Netizens are incredulous

Most of the comments on Ms Oei’s post were incredulous, with some struggling to believe they were real and not the work of a troll.


According to Ms Oei, they’re real, in she sees them in her lift lobby everyday.


Another commenter caught on the Covid-19 comparison, but probably thought the poster was trying to do too much and the messaging could be handled better.


One had a message to ad agencies everywhere: Campaign don’t automatically do better when boobs are involved.


BCF apologises for causing confusion

After Ms Oei’s post went viral, the Breast Cancer Foundation (BCF) posted in the comment section too, apologising for causing confusion or offence.


Like that some netizens concluded, the posters did attempt to leverage on the Covid-19 pandemic that everyone’s talking about, BCF said.

Apparently, juxtaposing Covid-19 and breast care was meant to “intrigue” people to find out more and scan the QR code.

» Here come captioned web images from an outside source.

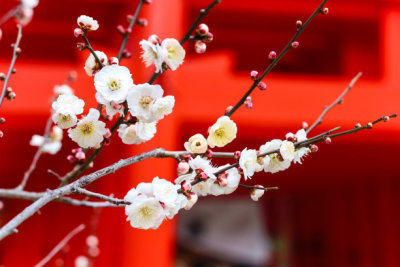 beautiful Plum Blossom Flower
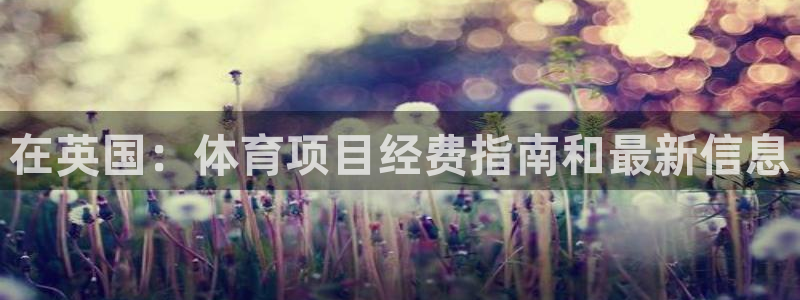 星娱乐文化传媒
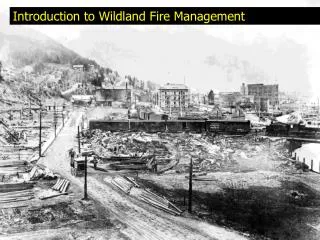 Introduction to Wildland Fire Management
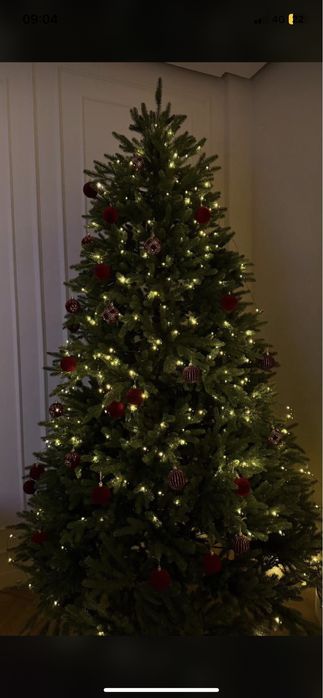 Елка, шырша 2025года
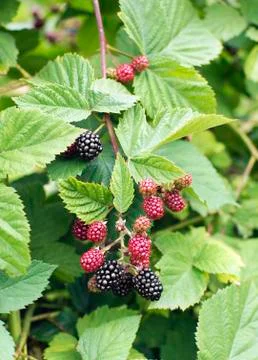 Blackberry bunch Foto stock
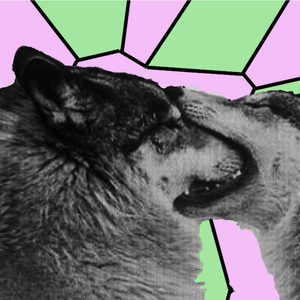 Interlude: Drive Steadily, Forever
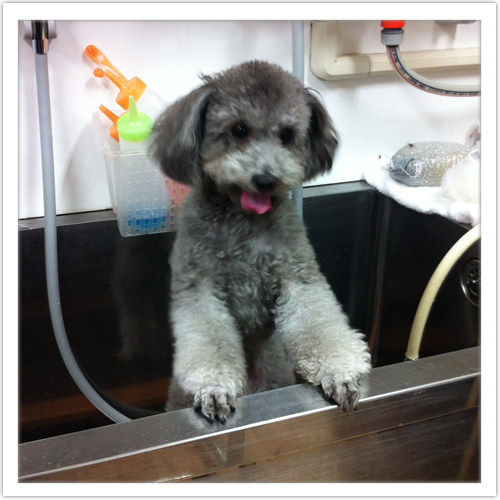 �V�����v�[�̗���7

Wait, there was a QR code?

Ah yes, there it is above the poster — we might have been too weirded out by the message on the poster to notice.


Also, while in a fetching shade of pink, perhaps the QR code doesn’t look like one we’re used to.

People not intrigued, says Pam Oei

Ms Oei said as much in her reply to BCF’s comment, saying that people were not intrigued, they were “confused and irritated”.

Thus, they’re not going to scan the QR to find out more.

She also suggested that the poster could have a line to advise people to scan the QR code.


However, she thanked BCF for their response, and said their work is important and life-saving.

She also revealed a tragic personal fact — her mother died of breast cancer at 54, so she’s all too aware of the importance of messaging that’s clear that will alert the public on how to stop this disease.

She added that 2 doctors, including her gynaecologist, didn’t think the messaging on the posters was good enough.

Get free merchandise from BCF

In a Facebook post on 30 Oct, BCF announced the roll out of the campaign, called “Stop The Spread”.


They also said it hopes to reach out to 2 million Singapore residents.

Well, Ms Oei might have just helped them do that.

If you take a photo of the posters and share in the original Facebook post, you may even get some merchandise — for example this shower hanger that reminds you to “shower your breasts with love”


No word on whether Ms Oei will be getting any memorabilia or not.

After all, her post did bring much publicity to the campaign.

Good intentions must be backed by good messaging

Breast cancer isn’t a joking matter indeed, and we applaud the good intentions of BCF to create more awareness when Singaporeans may be focused on another deadly disease.

However, their good intentions must also be backed by good messaging, or all the effort to convey the importance of the issue will be lost.

It’s good that BCF said it’ll take the feedback into consideration for future campaigns, and we hope they keeps up their work.